2. Tennessee Ridge Trail
Also a member of the Fort Henry Trails System, the Tennessee Ridge Trail is nearly two miles in length. The path runs along the physical divide of the Tennessee River and Cumberland watersheds. Since this trail is tucked away at the interior of the Land Between the Lakes, there are plenty of opportunities for hikers to enjoy quiet reflection and solitude.
3. Pickett Loop
The Pickett Loop stretches a little beyond two miles and takes hikers past old, rustic home sites, as well as a section of the beautiful Kentucky Lake. The loop can be accessed through either the Boswell Landing Backcountry Area or the Fort Henry Trailhead. This trail is in the Fort Henry Trails System.
4. Hematite Trail
Animal lovers will especially appreciate the 2.2-mile Hematite Trail. The loop encircles Hematite Lake and is renowned for featuring numerous species of amphibians, birds, and reptiles. There is also a quarter-mile wetland boardwalk that allows hikers to glimpse at a beaver marsh. Moreover, wildflowers and relics from the old iron industry can be spotted along the trail.

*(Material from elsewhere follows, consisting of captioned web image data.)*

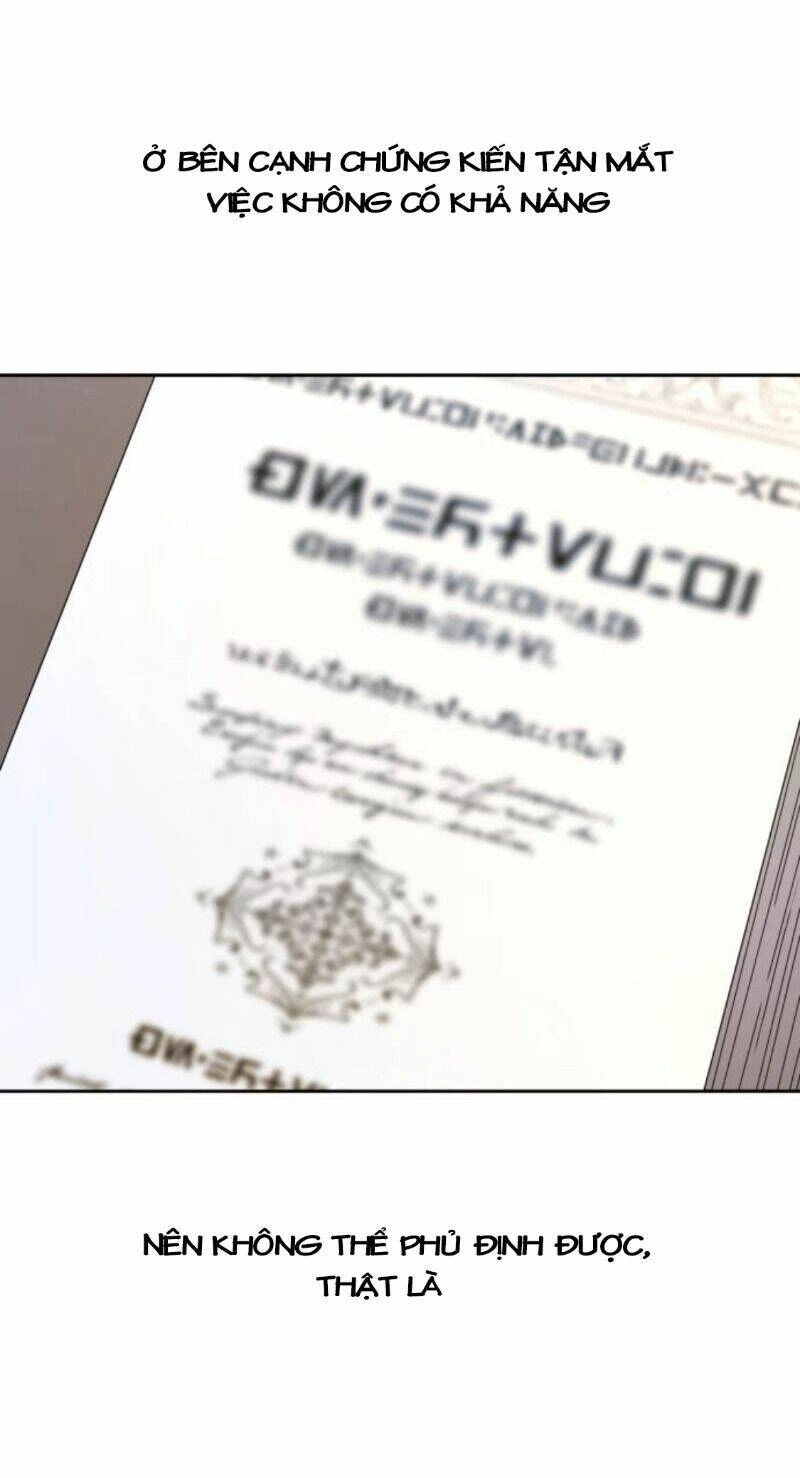 Tôi Muốn Trở Thành Cô Ấy Chỉ Một Ngày Chapter 69 - 68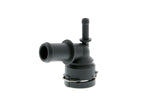 Coolant Flange - VW/Audi | 1C0122291A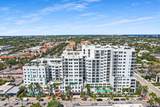 155 Boca Raton Road - Photo 94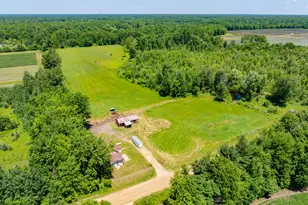 5743 107th Ave, Pullman, MI 49450 - Photo 38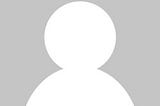 The Global Steel Bearing Cages Market: An Analysis of Industry Trends and Growth Prospects —…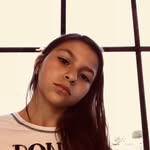 Lindsey Ramirez - @pinkhamstergirl2266 - Instagram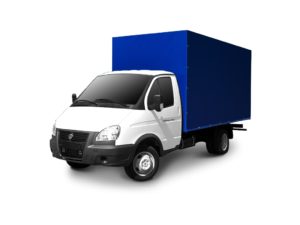 Реле поворота газель и реле на аварийку ГАЗеля Next, Бизнес АЭНК Реле поворота газель и реле на аварийку ГАЗеля Next, Бизнес АЭНК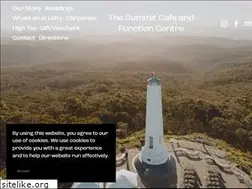 Sites similar to mountloftysummit.com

5. Central Hardwoods Scenic Trail
While the Central Hardwoods Scenic Trail spans a total of 11 miles, the path is split into two different paths and divided by the rivers. The eastern side of the route starts at Lake Barkley and features two and a half miles of paved asphalt. Accordingly, the remainder of the trail is eight a half miles long, made of compacted stone, and situated westbound at Kentucky Lake. Hikers can expect breathtaking views of the Lake Barkley shoreline when embarking on the former. The latter boasts gorgeous rolling hills and a vast stretch of hardwood forests with vibrant leaves that change with the season.
6. Long Creek Paved Trail
The Long Creek Paved Trail is ideal for families that prefer a considerably short and easy path. Only a quarter of a mile long, the path leads through the Land Between the Lakes’ bottomland forest of oak, sweetgum, and sycamore trees. Additionally, these deep woods are home to green herons, beavers, and kingfishers.
7. Bohanon Loop
Stretching two miles long, the Bohanon Loop is the most expensive path in the bike-friendly Hillman Heritage National Recreation Trail, which is fondly known for its historic roads and cultural features. Taking hikers over ridgelines and providing intimate views of wildlife, this trail is both scenic and unforgettable.
8. Vogle Loop
The Vogle Loop is almost a mile in length and has heritage markers along the way. It can be accessed by taking the Bohanon Loop. Offering a change of scenery, this incredible trail leads to an undeveloped rock beach on Kentucky Lake, historic home sites, and a limestone quarry that is in association with the Star Lime Works District. This loop is also part of the Hillman Heritage National Recreation Trail.
9. Center Furnace Trail
Combining outdoor recreation and an educational opportunity, the Center Furnace Trail is a mostly flat .3-mile path with some stairs. On this route, hikers can see and learn how this once thriving community operated more than a century ago, as well as how the past iron industry impacted the land and people living there. History buffs will feel right at home at this point of interest.
10. Honker Lake and Trail
Encircling the man-made Honker Lake, the loop trail is four and a half miles long. Guiding hikers through uplands, bottomland forest areas, and lakeshore, this path may be considered relatively lengthy, but the journey is worth it. At the lake, families can kayak or canoe to observe nature and wildlife from the vantage point of the calm waters of Honker Lake. The Nature Station seasonally rents out these water vessels. Beavers, osprey diving for fish, and blooming lotus flowers are native to this awe-inspiring area.